▶ [EXERCISE OBJECTIVE]
Where a line of the data below has the string "Frame", copy that line.

START THE DATA

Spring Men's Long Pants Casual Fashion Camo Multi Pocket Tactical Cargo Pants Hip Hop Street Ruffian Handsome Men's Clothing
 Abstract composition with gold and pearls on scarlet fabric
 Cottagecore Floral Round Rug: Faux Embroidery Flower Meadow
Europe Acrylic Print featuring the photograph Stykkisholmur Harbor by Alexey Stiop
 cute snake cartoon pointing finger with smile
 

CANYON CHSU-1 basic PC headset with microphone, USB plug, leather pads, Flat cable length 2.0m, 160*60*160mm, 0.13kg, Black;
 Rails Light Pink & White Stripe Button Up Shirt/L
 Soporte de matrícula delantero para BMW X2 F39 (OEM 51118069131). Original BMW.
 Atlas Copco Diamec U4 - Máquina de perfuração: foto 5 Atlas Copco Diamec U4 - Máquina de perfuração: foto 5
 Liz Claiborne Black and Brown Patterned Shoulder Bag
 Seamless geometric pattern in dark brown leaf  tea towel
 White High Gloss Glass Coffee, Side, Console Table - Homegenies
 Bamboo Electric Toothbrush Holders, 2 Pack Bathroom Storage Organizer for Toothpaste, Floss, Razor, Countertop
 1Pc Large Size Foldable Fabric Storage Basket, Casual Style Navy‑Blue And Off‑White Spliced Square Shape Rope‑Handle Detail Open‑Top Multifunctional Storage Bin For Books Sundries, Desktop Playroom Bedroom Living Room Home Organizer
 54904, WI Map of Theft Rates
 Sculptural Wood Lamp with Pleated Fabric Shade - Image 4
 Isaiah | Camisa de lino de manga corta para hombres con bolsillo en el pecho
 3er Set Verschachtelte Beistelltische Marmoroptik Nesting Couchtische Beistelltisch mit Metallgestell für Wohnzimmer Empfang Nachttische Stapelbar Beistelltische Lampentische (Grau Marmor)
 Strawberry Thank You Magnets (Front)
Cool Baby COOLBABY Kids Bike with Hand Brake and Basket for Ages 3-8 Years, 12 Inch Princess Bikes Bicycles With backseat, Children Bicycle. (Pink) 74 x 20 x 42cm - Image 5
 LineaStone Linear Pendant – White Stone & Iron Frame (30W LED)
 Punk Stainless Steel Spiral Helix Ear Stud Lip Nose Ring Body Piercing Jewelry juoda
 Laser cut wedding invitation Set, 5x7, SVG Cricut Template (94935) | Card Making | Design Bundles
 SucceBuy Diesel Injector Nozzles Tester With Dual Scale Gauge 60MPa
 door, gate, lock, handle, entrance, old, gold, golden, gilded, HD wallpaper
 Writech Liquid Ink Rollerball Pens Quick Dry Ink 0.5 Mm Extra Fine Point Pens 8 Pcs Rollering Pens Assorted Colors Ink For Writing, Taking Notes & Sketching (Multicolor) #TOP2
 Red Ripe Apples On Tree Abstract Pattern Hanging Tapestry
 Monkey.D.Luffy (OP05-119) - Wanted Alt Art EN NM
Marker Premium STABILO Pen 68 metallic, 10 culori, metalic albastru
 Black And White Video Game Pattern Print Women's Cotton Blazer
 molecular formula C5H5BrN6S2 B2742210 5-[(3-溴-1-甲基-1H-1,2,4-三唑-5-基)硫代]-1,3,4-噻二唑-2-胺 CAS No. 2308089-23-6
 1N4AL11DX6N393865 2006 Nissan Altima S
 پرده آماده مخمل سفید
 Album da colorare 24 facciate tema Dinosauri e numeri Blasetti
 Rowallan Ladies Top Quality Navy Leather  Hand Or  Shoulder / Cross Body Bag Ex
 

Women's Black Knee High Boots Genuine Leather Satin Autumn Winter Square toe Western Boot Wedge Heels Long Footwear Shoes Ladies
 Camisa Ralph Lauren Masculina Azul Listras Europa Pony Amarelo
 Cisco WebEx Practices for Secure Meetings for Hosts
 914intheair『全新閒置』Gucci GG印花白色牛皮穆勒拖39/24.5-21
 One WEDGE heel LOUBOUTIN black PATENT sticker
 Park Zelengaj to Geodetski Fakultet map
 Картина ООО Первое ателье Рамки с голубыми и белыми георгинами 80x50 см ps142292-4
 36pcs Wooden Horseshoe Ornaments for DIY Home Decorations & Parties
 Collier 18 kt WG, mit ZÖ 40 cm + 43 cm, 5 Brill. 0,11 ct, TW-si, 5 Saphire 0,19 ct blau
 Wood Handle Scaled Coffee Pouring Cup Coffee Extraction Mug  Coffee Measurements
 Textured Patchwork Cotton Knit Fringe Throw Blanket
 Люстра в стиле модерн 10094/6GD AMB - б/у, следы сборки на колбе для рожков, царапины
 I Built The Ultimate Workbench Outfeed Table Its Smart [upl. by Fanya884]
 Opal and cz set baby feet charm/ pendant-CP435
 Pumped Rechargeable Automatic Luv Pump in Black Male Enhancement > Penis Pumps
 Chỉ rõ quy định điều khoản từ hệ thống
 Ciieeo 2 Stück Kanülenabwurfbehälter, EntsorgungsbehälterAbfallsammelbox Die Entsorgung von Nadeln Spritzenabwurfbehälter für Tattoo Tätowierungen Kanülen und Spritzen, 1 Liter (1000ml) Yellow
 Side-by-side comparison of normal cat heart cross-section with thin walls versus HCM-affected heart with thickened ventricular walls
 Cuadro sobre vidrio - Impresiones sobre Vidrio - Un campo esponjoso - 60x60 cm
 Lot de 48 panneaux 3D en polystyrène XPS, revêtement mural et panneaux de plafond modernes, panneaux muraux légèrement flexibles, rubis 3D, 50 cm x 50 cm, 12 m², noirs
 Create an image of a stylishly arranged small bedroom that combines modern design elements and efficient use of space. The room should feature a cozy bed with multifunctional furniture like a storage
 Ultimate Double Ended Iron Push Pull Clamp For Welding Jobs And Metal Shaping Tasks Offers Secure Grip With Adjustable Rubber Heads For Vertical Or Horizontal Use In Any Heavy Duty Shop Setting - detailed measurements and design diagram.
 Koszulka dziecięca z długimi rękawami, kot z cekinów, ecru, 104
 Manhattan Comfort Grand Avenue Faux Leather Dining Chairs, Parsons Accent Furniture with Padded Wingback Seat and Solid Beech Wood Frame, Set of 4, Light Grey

END THE DATA

▶ [REPLY TO THE TASK]
 LineaStone Linear Pendant – White Stone & Iron Frame (30W LED)
 Manhattan Comfort Grand Avenue Faux Leather Dining Chairs, Parsons Accent Furniture with Padded Wingback Seat and Solid Beech Wood Frame, Set of 4, Light Grey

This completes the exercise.